Celle-ci ne pourrait actuellement recevoir que 35 musiciens qui respectent les règles de distanciation. Trop petit pour y jouer une symphonie de Beethoven, dit le chef d’orchestre.
Avec cette addition modulaire — qui pourra être enlevée et remise à volonté — la scène pourra plus que doubler sa superficie en atteignant 2750 pieds carrés, l’équivalent de celle de la Maison symphonique à Montréal, et pourra accueillir 75 musiciens, précise Onil Brousseau, coordonnateur à la production. Elle a été conçue par Scène Éthique, une entreprise québécoise qui a travaillé avec Céline Dion, le Cirque du Soleil et Robert Lepage.
Et elle ouvre une foule de possibilités: des caméras et des lumières pourront être placées sous de nouveaux angles, tout comme les musiciens — en cercle, avec les choristes autour d’eux, et le chef d’orchestre en plein milieu, dit ce dernier en réfléchissant à haute voix.
Des plexiglas seront installés sur certains pupitres et des réservoirs ajoutés pour les instruments à vent, ajoute Mme Fernando.
Pour l’instant, il est prévu que cette scène agrandie serve aux captations audiovisuelles, bonifiées par une collaboration avec le Département d’études cinématographiques.
La scène agrandie profitera donc au public, qui pourra écouter en ligne les concerts, et aux étudiants qui auront un lieu pour apprendre et travailler avec les autres, en format orchestre ou symphonique.
«Les étudiants le demandent tous: est-ce qu’il y aura de l’orchestre? de l’opéra?» rapporte M. Rivest. S’il y a d’autres salles de spectacle à Montréal, la leur a quelque chose d’unique, explique-t-il: «les étudiants apportent leur âme de jeunes, leur ébullition et leur force de vivre que l’on n’a qu’à 20 ans».
Cette scène permettra aussi à la Faculté de développer de nouvelles expertises et des formations supplémentaires qui pourront servir au milieu de la musique, ajoute Pierre Michaud, le vice-doyen aux cycles supérieurs et à la recherche.
«On a un rôle à jouer comme université de recherche qui est de proposer des pistes de solution et de nouvelles façons de faire», dans cette époque de pandémie, ajoute-t-il.
Quand la COVID est arrivée, on s’est demandé: c’est quoi la formation pour un étudiant en musique du 21e siècle? dit Mme Fernando.
Mais sa faculté avait déjà entamé cette grande réflexion avant le 13 mars, dont la collaboration avec le cinéma.
La pandémie leur a toutefois permis de migrer vers autre chose: «elle nous oblige à aller plus loin, plus vite», dit-elle.
«L’avenir, on va le penser.»
Regardant la scène vide, M. Rivest explique que d’apprendre à jouer en vue d’un enregistrement est plus difficile qu’un concert en direct. «C’est un métier en soi.»

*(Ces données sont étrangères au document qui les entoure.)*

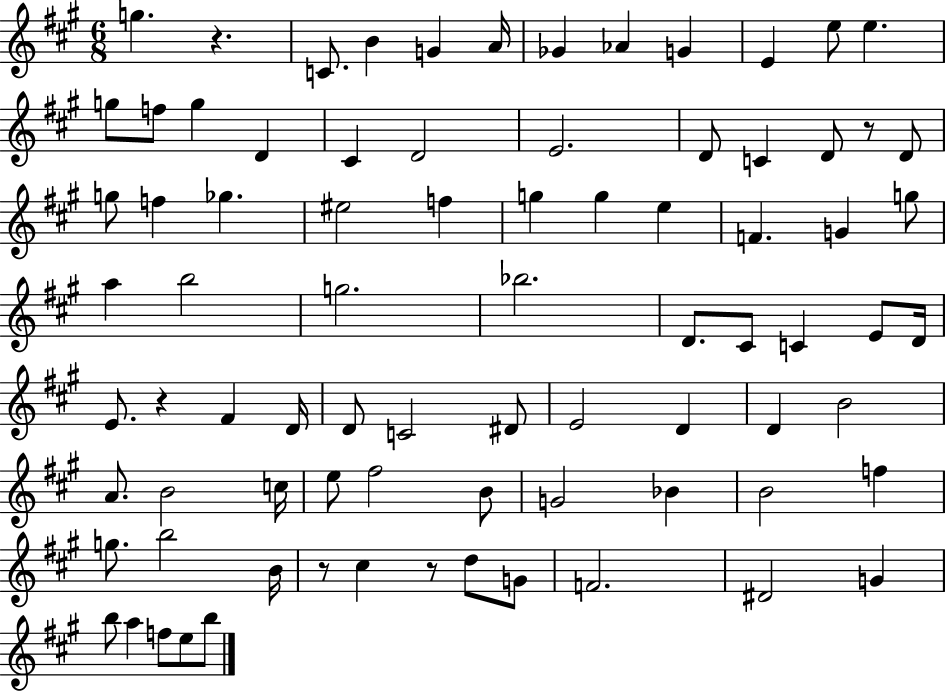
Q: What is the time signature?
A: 6/8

Il estime que la faculté doit donc apprendre à ses jeunes musiciens comment travailler avec les caméras et à se donner à 100 % sans public.

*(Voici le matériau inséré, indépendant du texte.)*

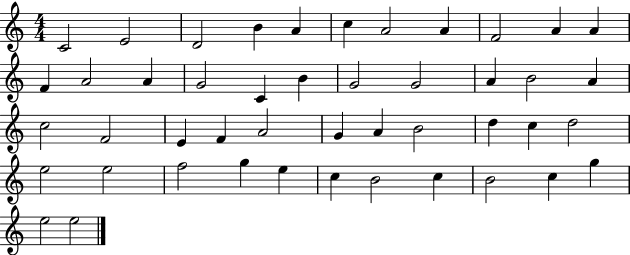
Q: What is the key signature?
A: C major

«Ce qu’on veut offrir à l’automne, ce n’est pas un Plan B ou un Plan C, dit M. Michaud. On est en train de se réinventer», avec un enseignement qui servira, qu’il y ait pandémie ou non.
L’automne sera ainsi parsemé de cours théoriques sur internet et d’autres en classe. Toute la faculté a été réorganisée pour que les lieux soient sécuritaires, souligne la doyenne. C’est déjà le cas cet été: un horaire permet aux étudiants de venir pratiquer de leurs instruments sur place car certains ne peuvent le faire à la maison. «Vous imaginez les voisins qui auraient six heures de trombone par jour?» s’exclame la doyenne.
L’Université de Montréal a été à l’écoute des besoins de la Faculté de musique et a fourni les fonds pour son projet de grande scène, ficelé à vitesse Grand V, se réjouit la doyenne.
«Tout le monde travaille pour que les étudiants puissent revenir, pour que la musique puisse recommencer là où elle s’est arrêtée», ajoute Onil Brousseau.
Et pour faire plaisir à ses étudiants privés de leur concert, M. Rivest a remis au programme en avril le «Chevalier à la rose».